Auto firms are reporting major earnings surprises this results season. Both Maruti Suzuki India Ltd and Bajaj Auto Ltd beat the street by a wide margin when they reported results for the June quarter.
But Tata Motors Ltd has left them far behind in the degree by which it has exceeded street estimates. Nine analysts polled by Bloomberg news agency had estimated a net profit of Rs99.4 crore. The company reported a net profit of Rs514 crore, and almost the entire outperformance is in operating profit.
In other words, none of the higher-than-expected profit is owing to one-off factors which the street hadn’t anticipated in its estimates. True, here was a one-time income from the sale of shares of Tata Steel Ltd last quarter, but the company had already disclosed this at the time of sale and so this would have been part of the estimates.
The company’s shares have now risen by around 175% from its lows in early March, outperforming the market—up 78%—by a wide margin. Ahmed Raza Khan / Mint
Analysts have been mainly surprised at the margin improvement of at least 5 percentage points on a quarter-on-quarter basis to 11.4%. To start with, average realizations were much higher than expected.
One analyst with a foreign broker says that he is baffled at the quarter-on-quarter increase in realizations of around 5%, even though there were no price increases during the period. The company says this is the result of a change in the product mix, but that explanation isn’t entirely convincing, says the analyst. Besides, raw material costs were much lower than anticipated.
According to the company, the savings it has extracted are sustainable. Besides, it says that there has been improvement in demand for its products and the availability of financing for its customers.
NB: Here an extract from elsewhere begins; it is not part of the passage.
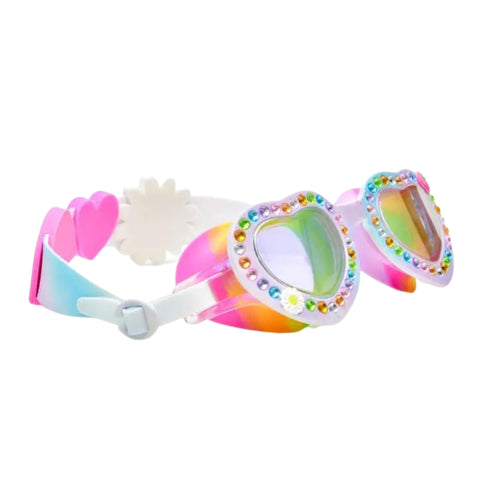 Rainbow and Daisy Heart Shaped Kids Swim Goggles (Each)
Tata Motors’ shares rose by around 5% soon after the results were announced and the rally should continue on Tuesday. The company’s shares have now risen by around 175% from its lows in early March, outperforming the market—up 78%—by a wide margin, just as most highly leveraged firms whose valuations had been beaten down mercilessly prior to the recovery in the markets.
The rise in the stock has been aided by the signs of improvement in the domestic business as well as a belief that financing the company’s huge debt would now be a relatively easier affair.
In all this, the huge liability of Jaguar-Land Rover (JLR) has been conveniently forgotten. The company’s shares had fallen to the Rs290 levels after the company announced consolidated results for the March quarter, which disclosed JLR’s huge losses and the cash burn, but they have now risen way beyond even the pre-results level to Rs374.
Perhaps when the consolidated results for the June quarter are disclosed, there will be a reality check.